Factors we consider:
- Applicants from underrepresented groups
- Applicants progressing from University of Essex Schools Membership schools/colleges
- Applicants who attend a compulsory admissions interview
- Applicants who attend an Offer Holder Day at our Colchester or Southend campus
Our contextual offers policy outlines additional circumstances and eligibility criteria.
For further information about what a contextual offer may look like for your specific qualification profile, email ugquery@essex.ac.uk.

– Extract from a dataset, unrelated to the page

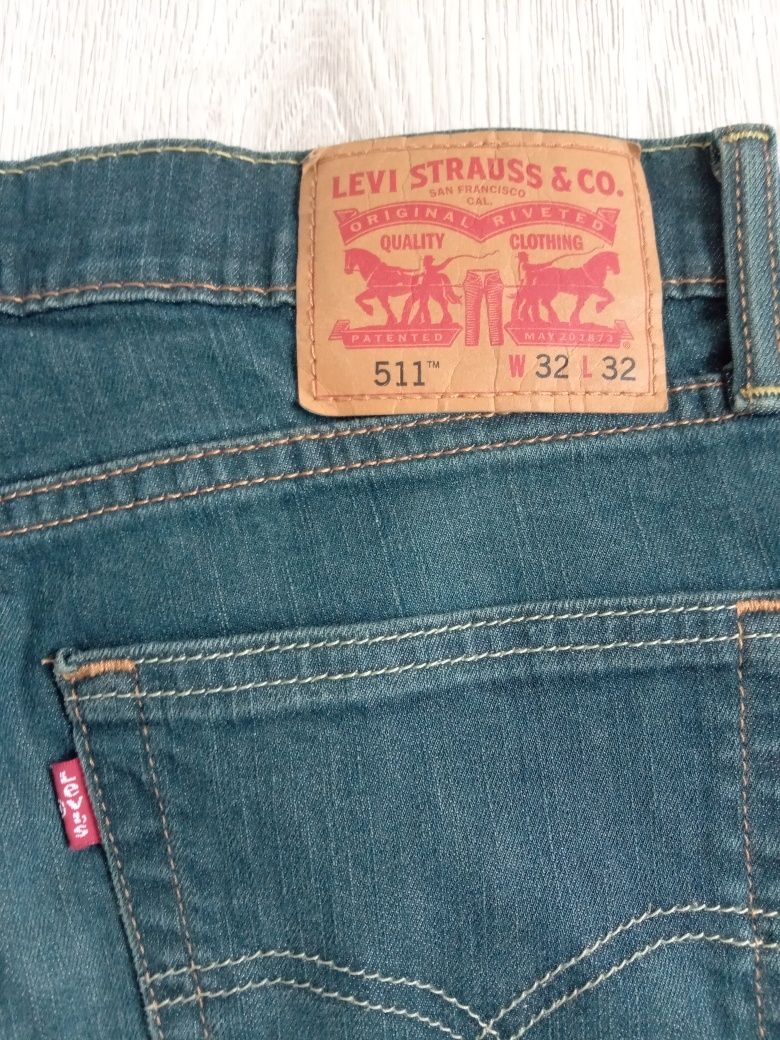 Jeansy Levi's 511 W32 L32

If you haven't got the grades you hoped for, have a non-traditional academic background, are a mature student, or have any questions about eligibility for your course, more information can be found on our undergraduate application information page or get in touch with our Undergraduate Admissions Team
IELTS (International English Language Testing System) code
English language requirements for applicants whose first language is not English: IELTS 6.0 overall, or specified score in another equivalent test that we accept.
Details of English language requirements, including component scores, and the tests we accept for applicants who require a Student visa (excluding Nationals of Majority English Speaking Countries) can be found here
If we accept the English component of an international qualification it will be included in the academic levels listed above for the relevant countries.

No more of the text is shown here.